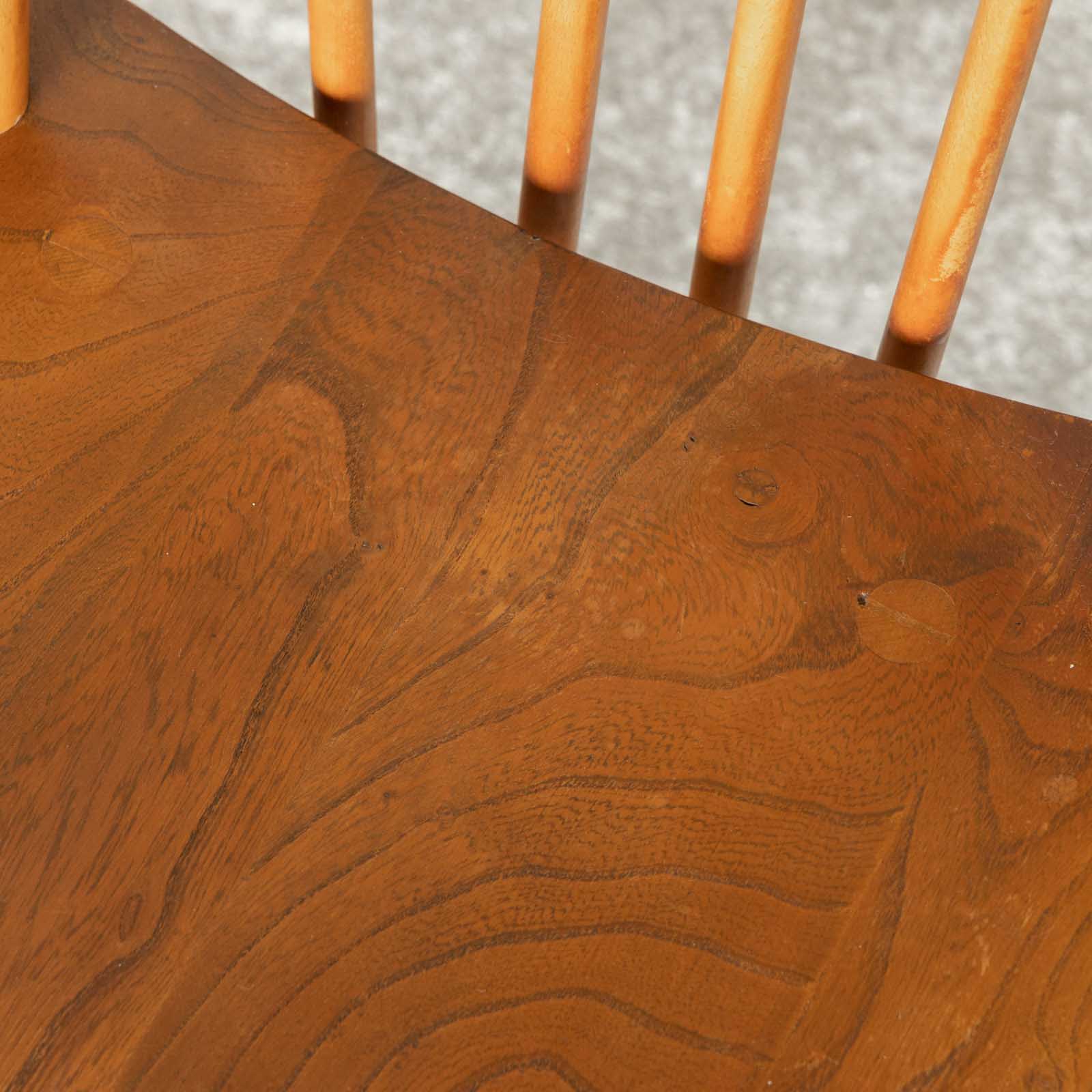 英国【ERCOL アーコール】シンプルで直線的なデザイン ハイバック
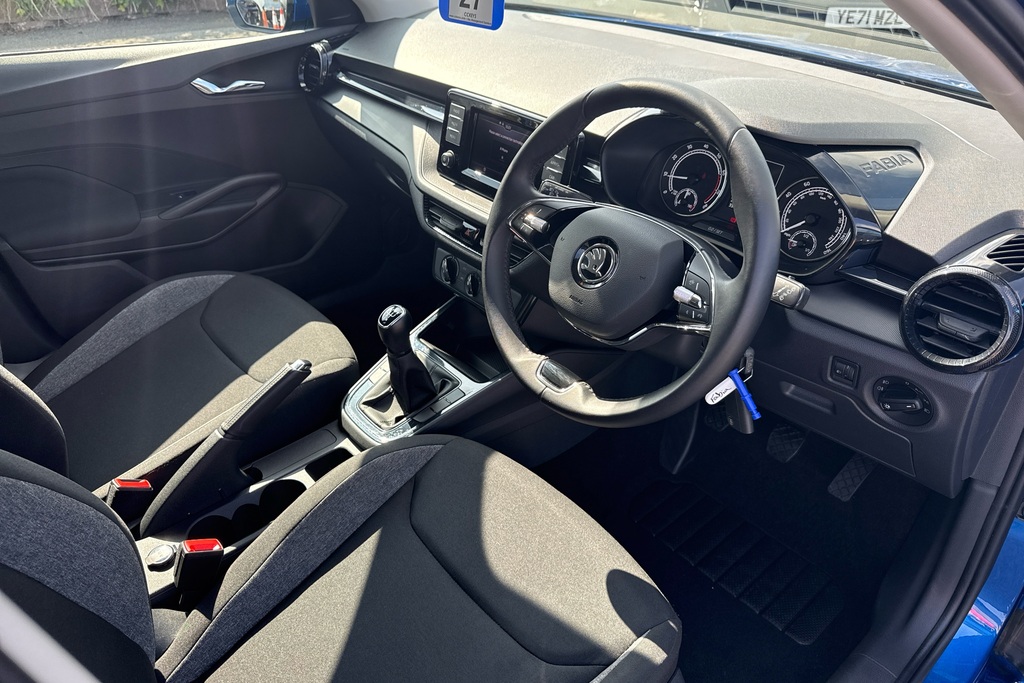 Skoda Fabia 1.0 Tsi Se Comfort Blue #6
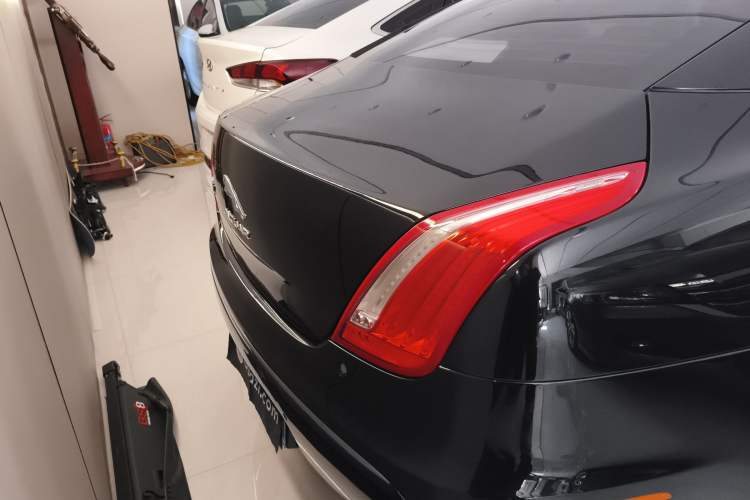 Used Jaguar XJ 2014 XJL 2.0T Two-Wheel-Drive Elegant Business Edition Rear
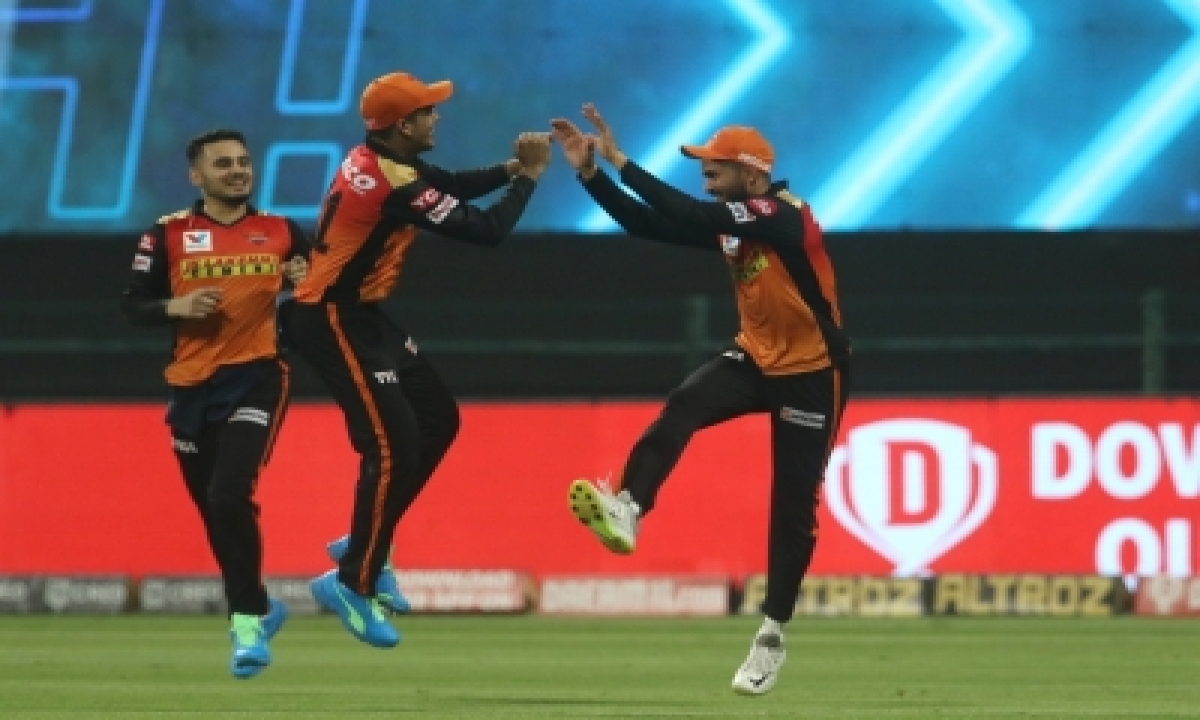  Holder Takes 3 On Return As Srh Restrict Rr To 154/6-TeluguStop.com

──────────────────────────────

**Problem details:**
From the first line to the last, repeat the material exactly, but drop the pictures.

**The answer:**
 英国【ERCOL アーコール】シンプルで直線的なデザイン ハイバック
 Skoda Fabia 1.0 Tsi Se Comfort Blue #6
 Used Jaguar XJ 2014 XJL 2.0T Two-Wheel-Drive Elegant Business Edition Rear
  Holder Takes 3 On Return As Srh Restrict Rr To 154/6-TeluguStop.com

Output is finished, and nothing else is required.